The Senate opposed his actions, stating that establishing full control by force was an "unfair and disloyal gesture". Amaral dissolved the Senate and called them unpatriotic. He told Chinese officials that they would be received as representatives of a foreign power. 

After the events of 1783, 1834, 1844, the definitive shake-up of the mandarins' power over Macau and the abolition of Chinese customs in 1849, the Governor of Macau, free from local and Chinese authorities, became Macau's highest authority.

Amaral's policies evoked much resentment, and he was assassinated by Chinese men on 22 August 1849. This led the Portuguese to capture the Passaleão fort beyond the Barrier Gate three days later.

The Passaleão

On 22 August, 1849, Governor João Ferreira do Amaral was assassinated near Portas do Cerco and the Chinese assassins cut off his head and right arm. This assassination, ordered, according to rumors, by the Viceroy of Canton, was followed by a military confrontation between the Portuguese and the Chinese imperial troops. The latter, shortly after the assassination, sought to gather in and around the Chinese fort of Pak-Shan-Lan or Baishaling (in Portuguese: Passaleão), which was located near the Portas do Cerco. According to the spies of the guards of the fortresses of Macau, there were about 500 soldiers in that fort and in the neighboring elevations more than 1500 men, with artillery.

On 25 August, 1849, a young Macanese second lieutenant, Vicente Nicolau de Mesquita, proposed to the Government Council (which replaced the Governor) to attack the Passaleão fort, whose garrison began bombarding with its 20 cannon the Portas do Cerco, at that time garrisoned by only 120 Portuguese soldiers and three pieces of artillery. The situation was unbearable and many residents of Macau predicted the end of Portuguese rule in Macau.

Mesquita, together with 32 soldiers supported by two pieces of field artillery and two cannons from a gunboat and a lorcha, began the attack on the fort, first bombarding it with an artillery piece that only fired once (since it broke down, after the first shot). The shot caused a panic among the Chinese troops. The panic of the Chinese soldiers was also related to an African landim soldier, who was the first to jump over the walls of the fort. Due to the confusion, Chinese troops from Passaleão and its vicinity withdrew. When the Portuguese returned victorious, they took with them, in an act of revenge, the head and hand of a mandarin who had offered resistance.

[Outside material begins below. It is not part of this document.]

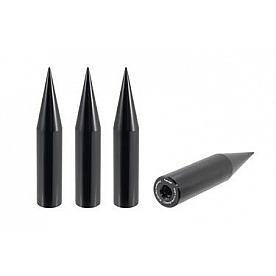True Spike Lug Nut Cover LGC015BK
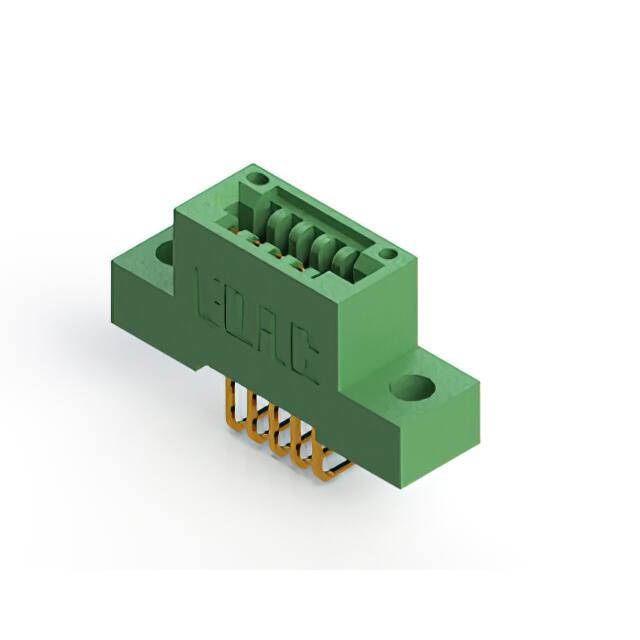 845-005-558-104 EDAC Inc.  Edgeboard Connectors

After the confrontation of Passaleão, the Tso-tang was transferred to Chinsan or Xiangshan (modern Zhongshan), a Chinese town neighboring Macau, with its power shaken. After several protests, insistence and delays, Amaral's head and right arm were delivered on January 16, 1850 and his remains transferred to Lisbon.

Both Mesquita and Ferreira do Amaral are remembered as heroes in Macau and Portugal. Later, Mesquita was promoted to Colonel. In 1871, the Government of Macau inaugurated the Arco das Portas do Cerco, with the aim of honoring the deeds of Governor Ferreira do Amaral and Colonel Mesquita.

Failed Treaty of Tianjin
During the second half of the 19th century, the main European powers humiliated the already weak Imperial Chinese Government of the Qing Dynasty, forcing it to sign the so-called Unequal Treaties. In these, the Chinese Government was obligated to open its commercial ports, to accept the European occupation of certain Chinese lands and to accept the division of China into European "areas of influence".

Perhaps taking advantage of the situation, on August 13, 1862, Governor  managed to get the Chinese government to sign a treaty in Tianjin (or Tientsin). This treaty, consisting of 54 articles, recognized that Macau was a Portuguese colony. But it was never ratified as the Governor and Minister Plenipotentiary at that time, José Rodrigues Coelho do Amaral, returned to Macao without ratifying it, protesting against the objections of the Chinese delegates regarding the interpretation of the ninth article. They defended that Macau could not be considered a Chinese territory, raising a bitter argument with Coelho do Amaral in May 1864, when he arrived in Tianjin to ratify the treaty.

Sino-Portuguese Treaty of Friendship and Commerce of 1887

It was only in 1887 that Portugal, which had wanted for many years to establish a treaty on Macau with China, managed to sign, with the diplomatic support of Great Britain, the "Sino-Portuguese Treaty of Friendship and Commerce", which recognized and legitimized the perpetual occupation of Macau and its dependencies by the Portuguese. This treaty, also called the "Sino-Portuguese Treaty of Peking", was signed by Sun Xuwen, the representative of China, and by Portuguese plenipotentiary minister Tomás de Sousa Rosa, who was assisted by Pedro Nolasco da Silva. The delimitation of borders was for later, through a future special convention.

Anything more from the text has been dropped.